Rolling Thunder gets new life, new focus, new name
Advocacy group AMVETS says it will also address veterans suicide as well as POW/MIA awareness to 33rd annual Memorial Day ride
The annual military veterans motorcycle run from the Pentagon parking lot to the Vietnam Memorial on the National Mall will continue next Memorial Day weekend under the leadership of a different veterans organization.
Military veterans advocacy group American Veterans (AMVETS) has taken the torch of organizing the motorcycle rally after Rolling Thunder, a group that honors prisoners of war and missing in action service members, decided last year that it would no longer sponsor the event after 32 years.
AMVETS is sponsoring a three-day event next to the Lincoln Memorial, where speakers and entertainers will honor POWs and MIA service members and advocate for more resources to help mitigate the high suicide rates among surviving veterans.

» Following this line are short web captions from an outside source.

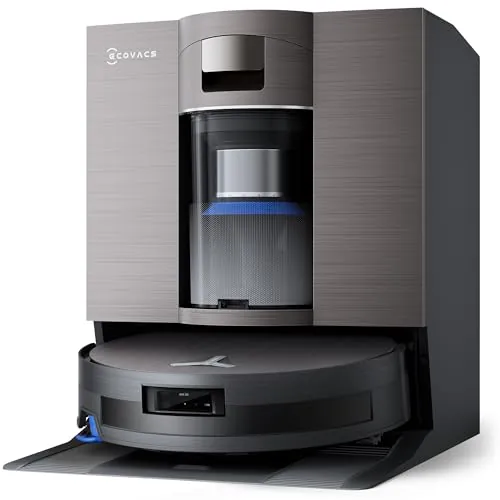 ECOVACS X11 OMNICYCLONE Robot Aspirador y fregasuelos, Blast y 19500 Pa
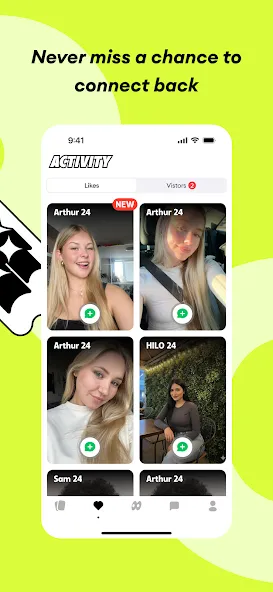 Romi: Swipe, Chat & Connect screenshot 2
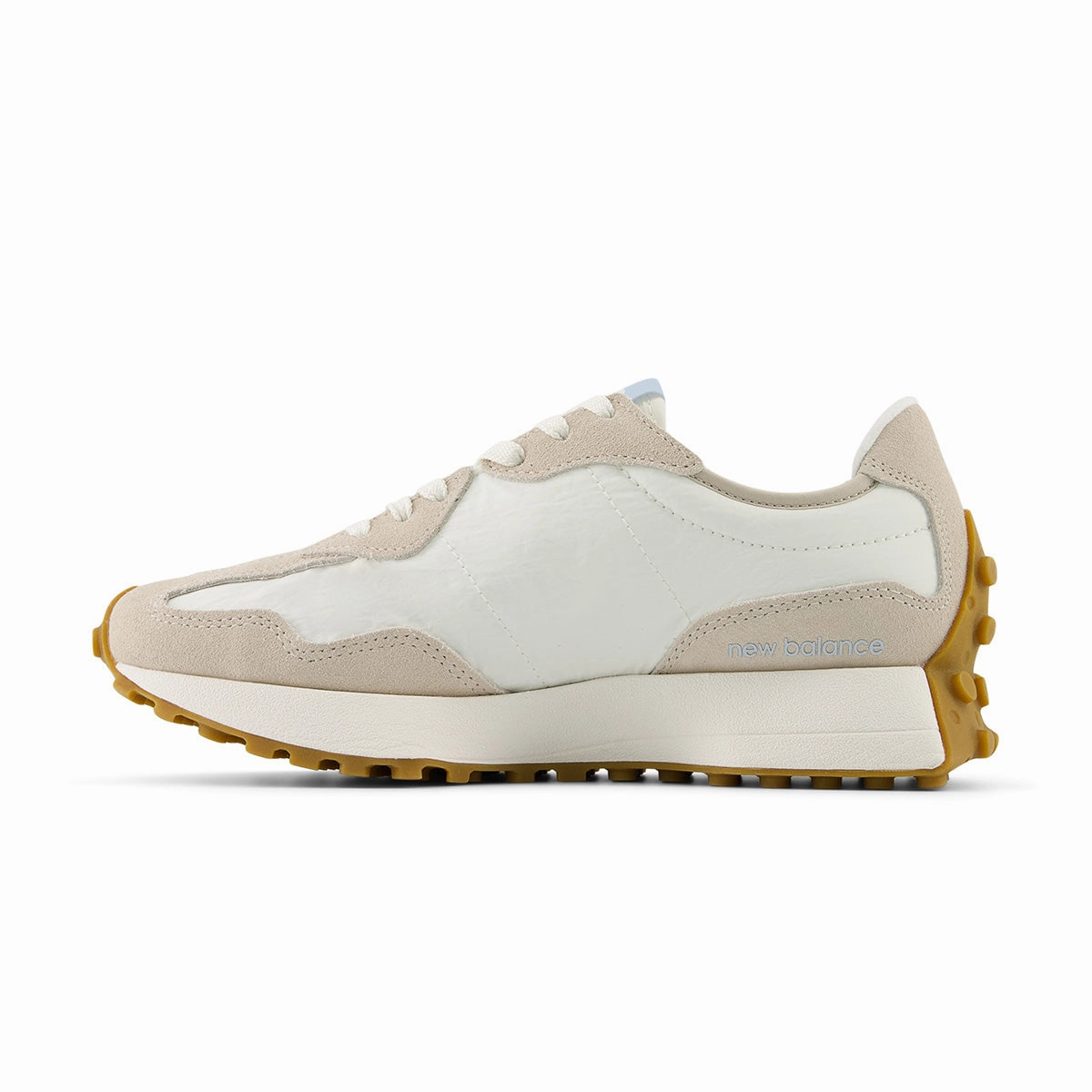 Wmns 327 'Sea Salt Light Chrome Blue'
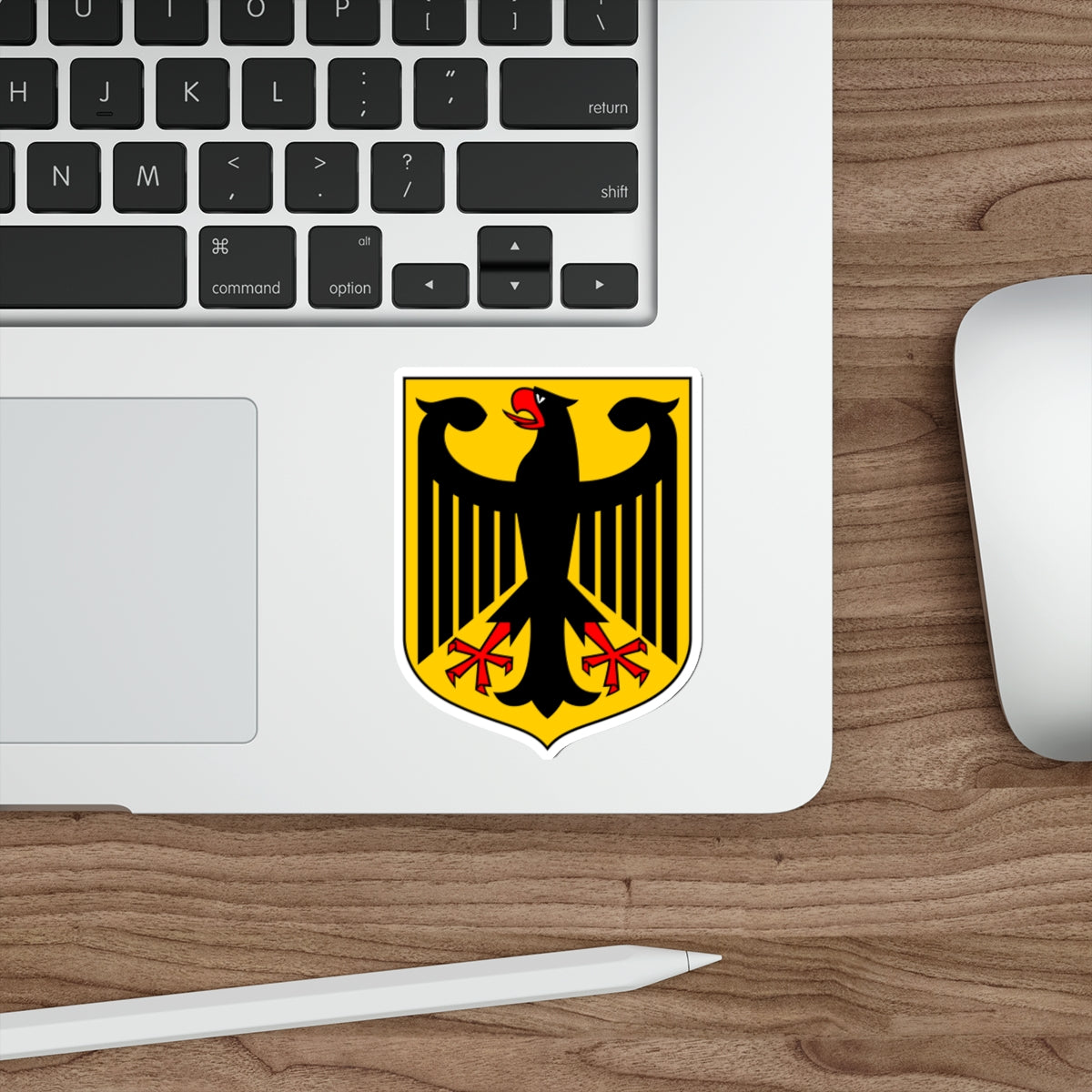 Coat of arms of Germany STICKER Vinyl Die-Cut Decal-The Sticker Space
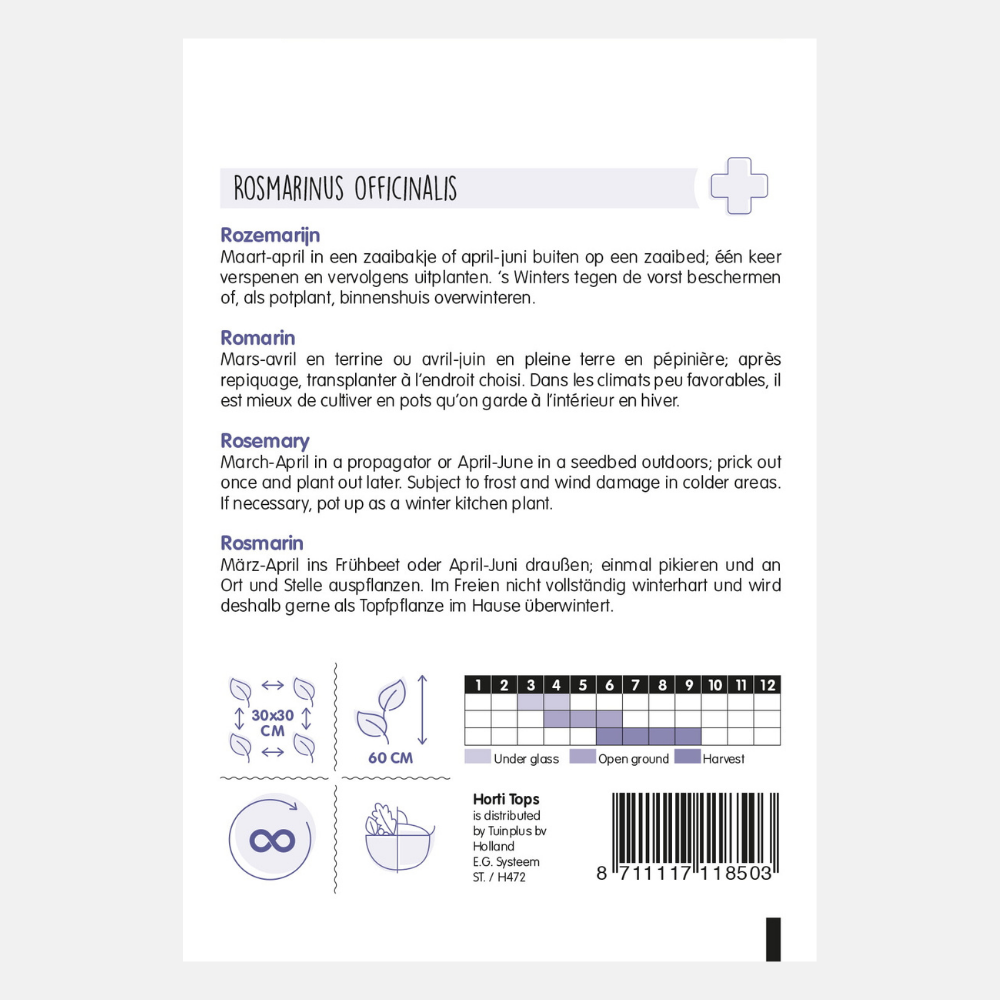 Rozemarijn - inh.: 0.15 gram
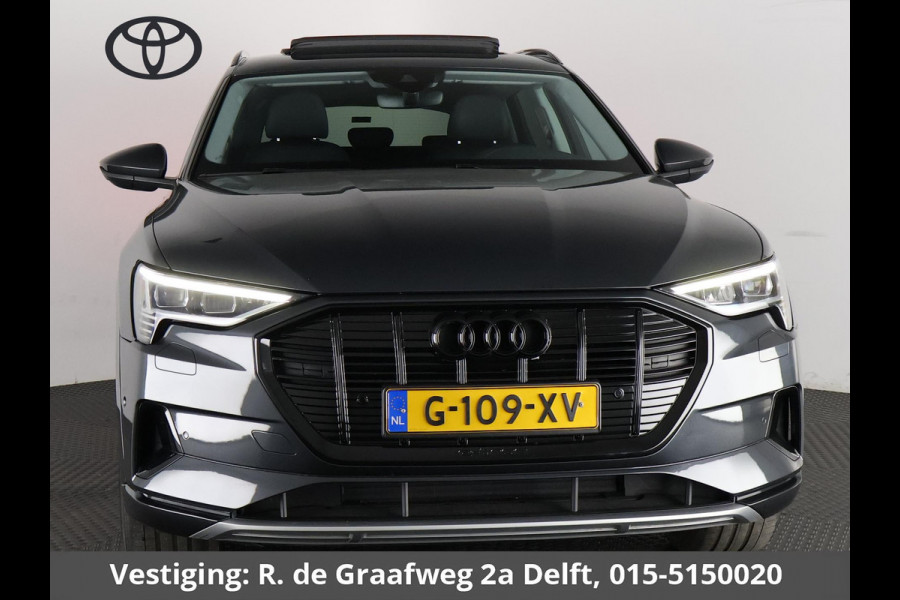 Audi e-tron 50 Quattro Black Edition Plus 71 kWh | Navigatie | Schuif-/Kanteldak | Privacy Glass |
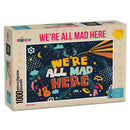 Funbox Puzzle Were All Mad Here Puzzle (1000 pieces)-1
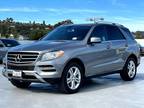 2015 Mercedes-Benz M-Class ML 350 4MATIC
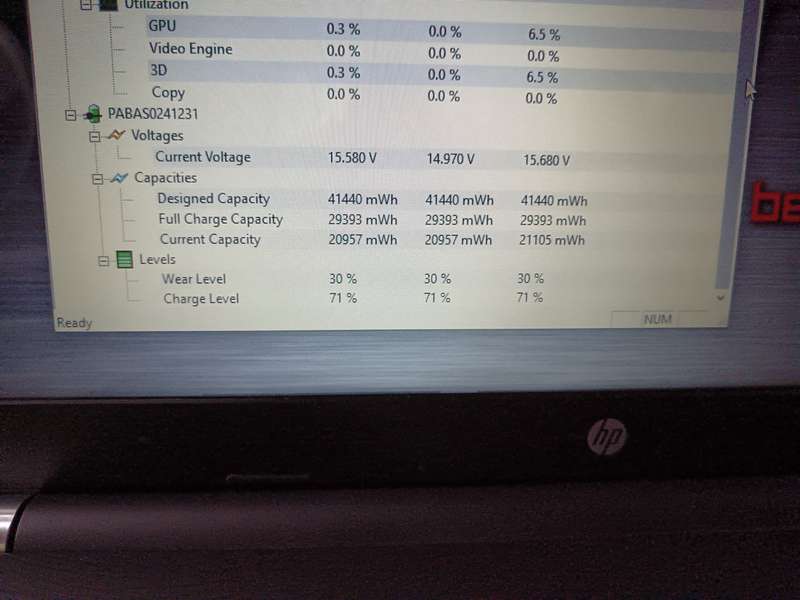 Hp Laptop 15-bs1xx Intel Core I5 + Free Laptop Bag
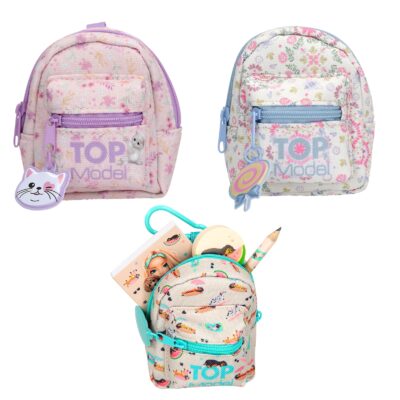 Topmodel - Micro Stationery Rygsæk m/karabin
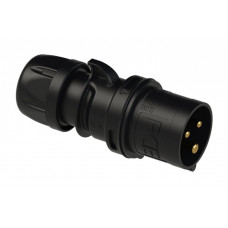 Вилка кабельна 32А/230V/1P+N+E/IP44 виробник PCE 023-6ttx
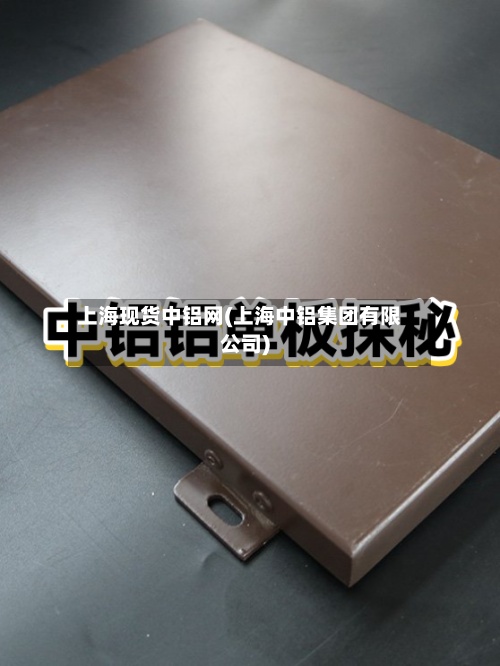上海现货中铝网(上海中铝集团有限公司)-第2张图片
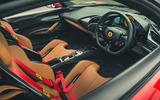 14 Ferrari SF90 Stradale 2021 road test review cabin
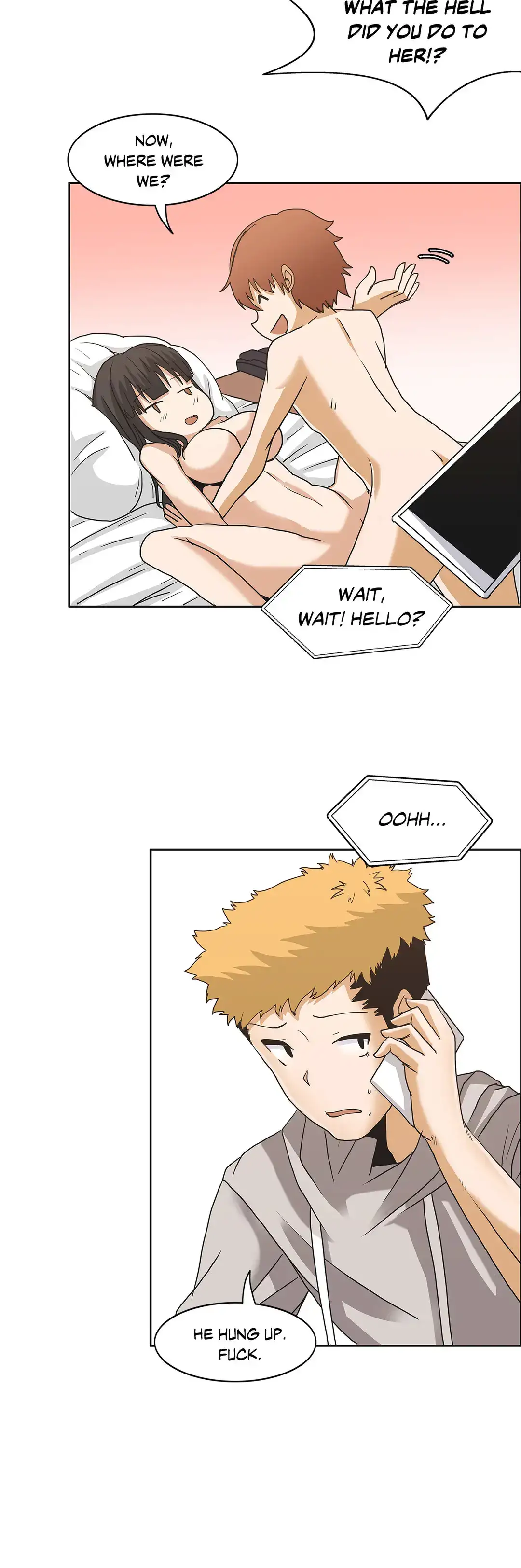 The Girl that Wet the Wall chapter 7 page 29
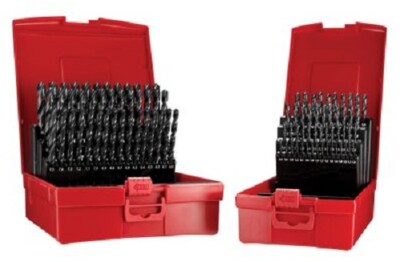 Dormer HSS JOBBER DRILL BIT SET A190-209 91Pcs 1-10mm For Multi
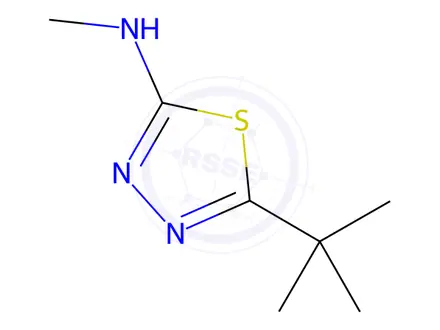 Chemical structure of Acetazolamide Impurity 11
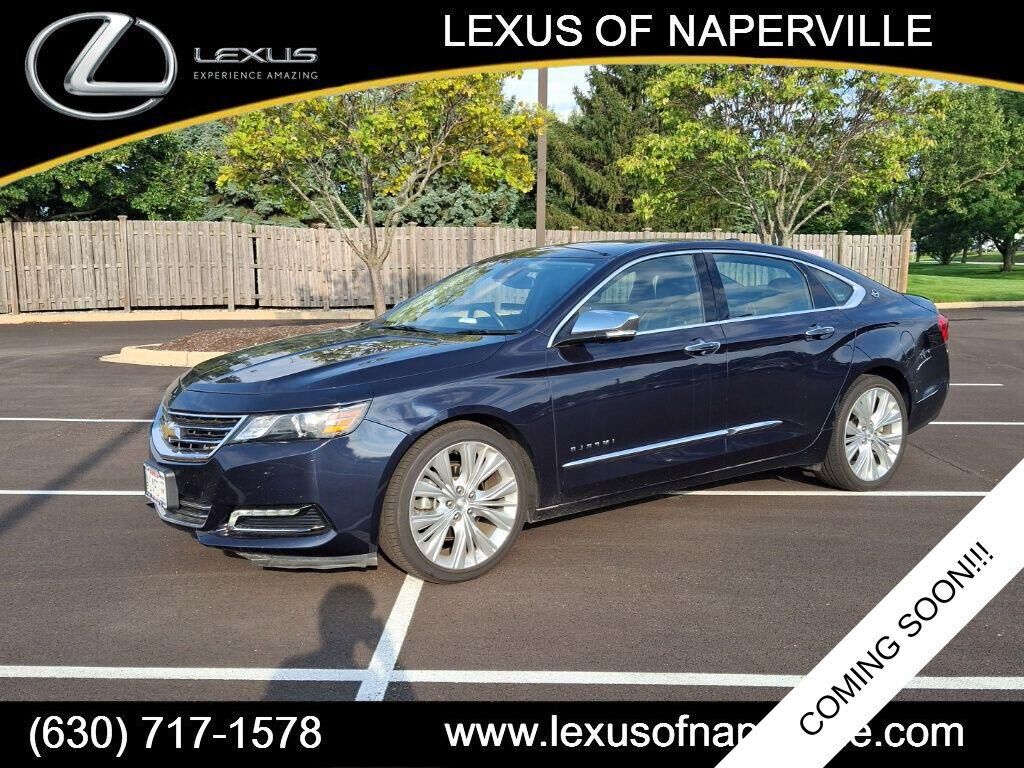 2017 CHEVROLET Impala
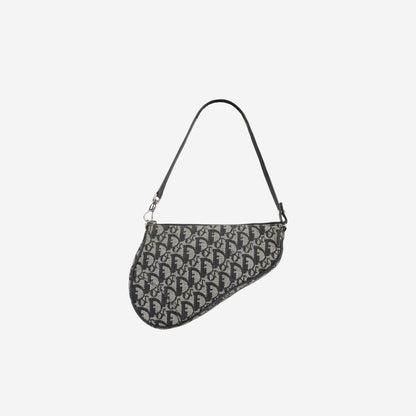 Dior Lou Monogram Leather Canvas Shoulder Bag Rovelle Bags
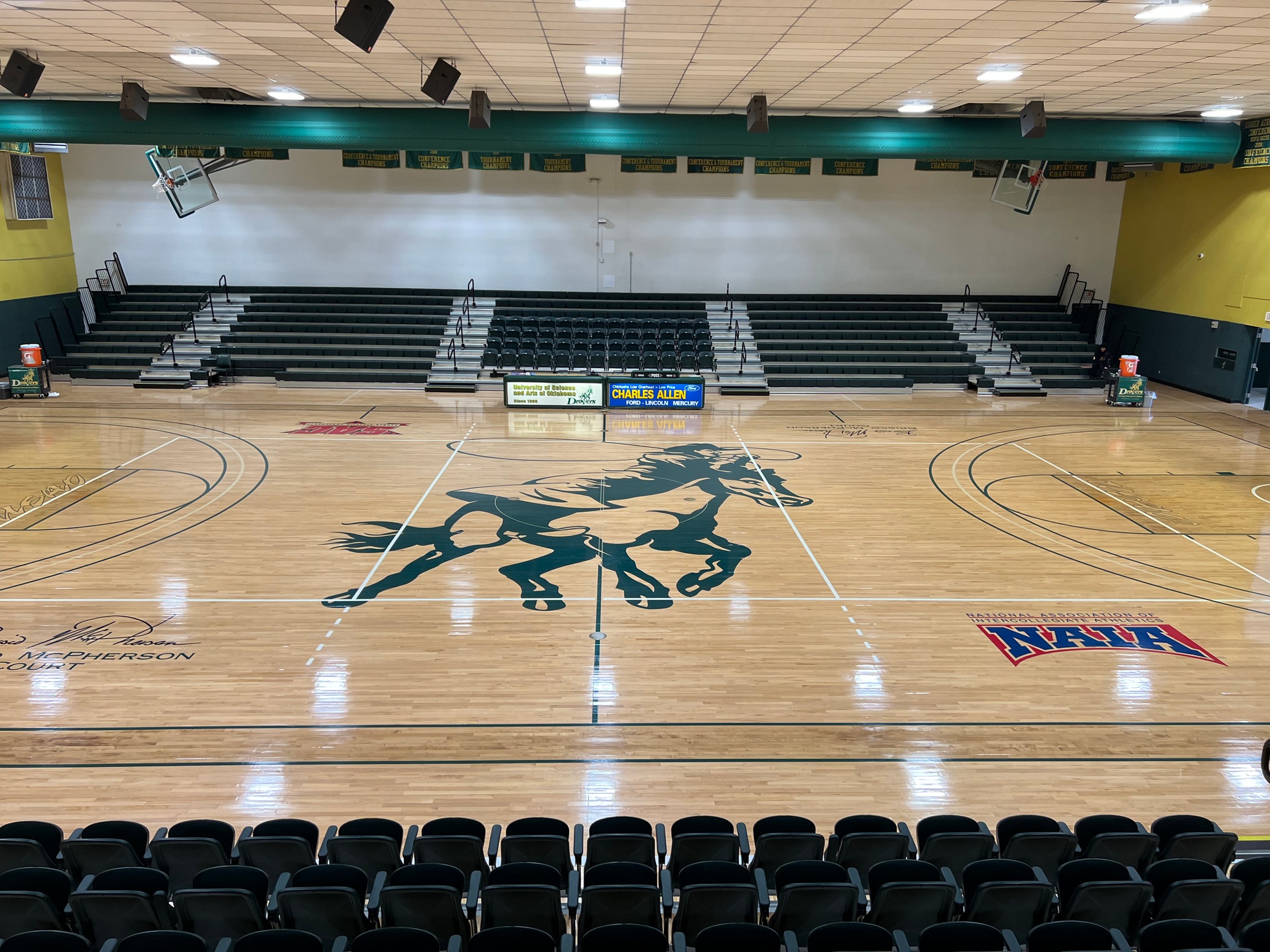Drover Fieldhouse
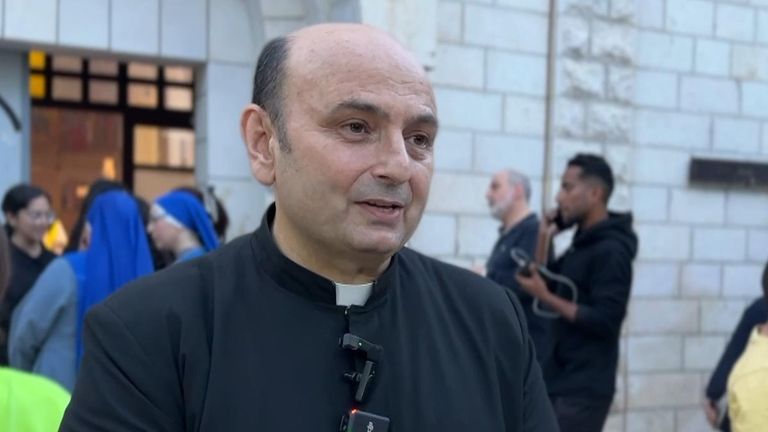 Father Gabriel Romanelli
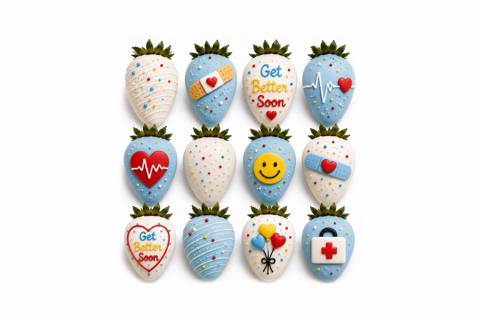Get Well Soon Strawberries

The event will culminate with the motorcycle rally, which will be officially re-branded the “Rolling to Remember” demonstration run.
“This will not be a party. It is a serious demonstration to bring awareness and accountability for POWs and MIAs left behind and suicide prevention,” AMVETS National Executive Director Joe Chenelly said.
“Millions of motorcycle-riding patriots … have spent their Memorial Day weekends for the past three-plus decades in our nation’s capital because they want to make a real difference,” he said. “This event will ensure those who take part are making a difference.”
Under Rolling Thunder’s leadership, an estimated 500,000 motorcyclists participated in the 2018 run.
But the annual rally, originally called the “Rolling Thunder Run to the Wall” and later renamed the “First Amendment Demonstration Run,” cost Rolling Thunder roughly $200,000 each year for security, toilets, and use of the Pentagon parking lot.
“The amount of money that we put on for the one demonstration ride, we could probably … help a lot more veterans with it,” Doc Stewart, Rolling Thunder’s regional liaison for New England, told NPR last year.
At a news conference Friday, AMVETS National Commander Jan Brown criticized the dwindling number of federal lawmakers displaying the POW-MIA flag outside their congressional offices.
“The number of offices displaying the POW-MIA flag has dropped from nearly all to just about half over the past 10 years. That’s unacceptable,” Brown said. “Perhaps they didn’t realize how meaningful and purposeful it is to display that flag. I hope that by the time ‘Rolling To Remember’ is upon us, 100 percent of the offices will have it up properly.”
AMVETS will be publishing a list by Veterans Day of which lawmakers are displaying the flag outside their offices and which are not, the group said.